Cross - Shattered Christ



This past weekend while my better-half was in Michigan, I worked through a few books, one of which was Stanley Hauerwas' Cross- Shattered Christ. This is one of Hauerwas' smaller works and one he is less known for. However, it was still full of his gripping insights and ethical gleanings which Hauerwas is known for. For those of you who enjoy a short and very quick read, the book is only seven chapters long and just over a hundred pages. Despite the book's short length, there is, however, embedded within these short chapters some serious depth revealing the fruit of one who has spent some time and contemplative energy over the cross of Christ.

In chapter two titled "The Second Word," Hauerwas focuses on Jesus' words from Luke 23:43 where the Christ says to the criminal beside him "Truly I tell you, today you will be with me in Paradise." Hauerwas calls these words both "silent" and "enigmatic" as these words are so settle, yet so filled with hope.

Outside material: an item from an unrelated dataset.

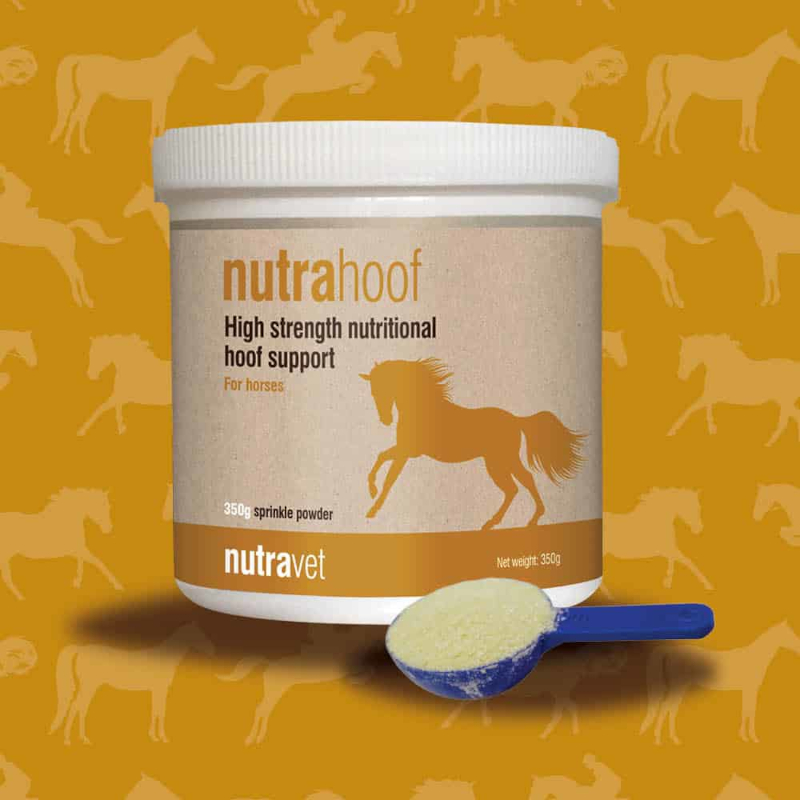 Nutrahoof Equine 350g Hoof Supplement - Image 2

These words do not merely reflect the saving power of Christ, but also highlight the faith the criminal had upon his death bed towards our Lord.

For those of you who have yet to read a Hauerwas book or article, usually he puts into writing the hard questions we normally only think about and keep to ourselves. As he does in this chapter by saying
our desire to say and know more than the silence scripture forces on us manifests our uneasiness with the mystery of a God who would be known through crucifixion. Our attempt to speak confidently of God in the face of modern skepticism, a skepticism we suspect also grips our lives as Christians, betrays a certainty inappropriate for a people who worship a crucified God.

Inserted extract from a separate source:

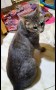 Rayito (1)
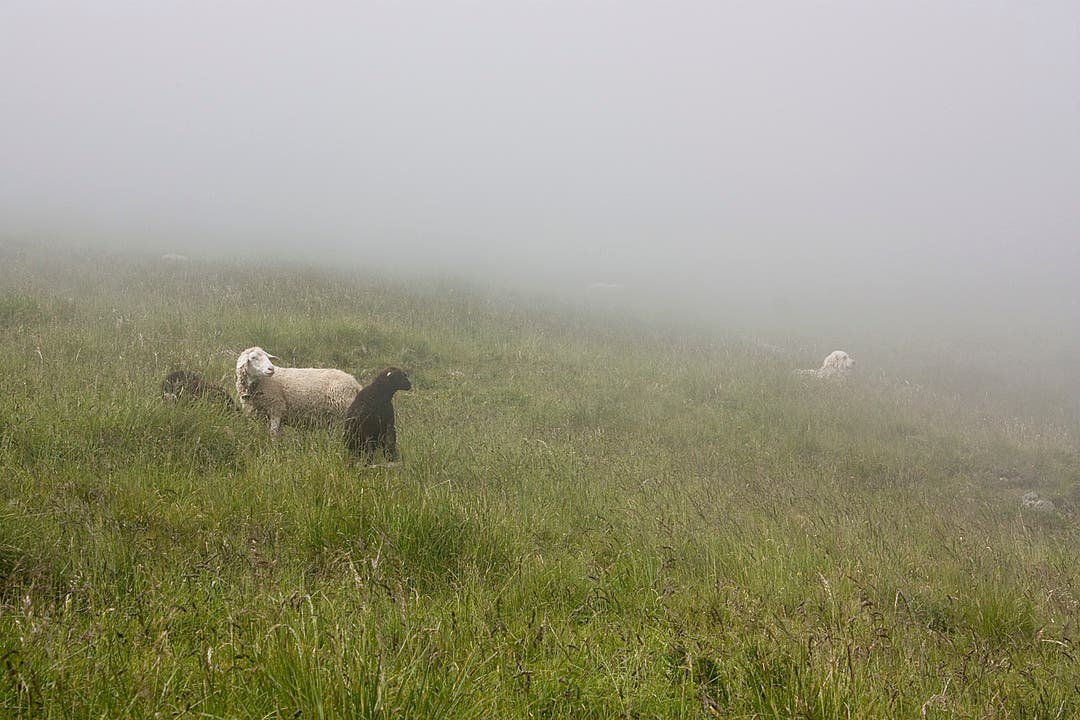 Aufmerksame Schafe und Schutzhund im Nebel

Hauerwas goes on to say that as Christian we often fear the habits of our imagination, and too often the way we live betrays our fear that we are "but bubbles on a stormy sea." What Hauerwas is getting at is that often we have a fear of dying without anyone remembering us and that no one will be able to trace our existence back to anything great or anything at all. This is how we are like the thief upon the cross, all of us having the same plea, to be remembered.

There is a strange paradox resting hear as the thief, like so many of us, wants to be remembered for something, however, ultimately there is only One person who we should all aim to ensure being remembered by - Christ.

In closing Hauerwas says
Here, in this crucified Messiah, we see the love that moves the sun and the stars. To be 'with Jesus' means we are not 'lost in the cosmos,' but rather we can confidently live in the recognition, with faith, that God is not other than the one found in Jesus of Nazareth. How could we ever think we need to know more than this thief? Like the thief we can live with the hope and confidence that the only remembering that matters is to be remembered by Jesus.


Are we or are we not a people who live and breathe by way of memory? May we live this day remembering Jesus, being assured with the grand hope that He remembers us and with such, go forth towards others sharing with them our greatest memory - our Savior.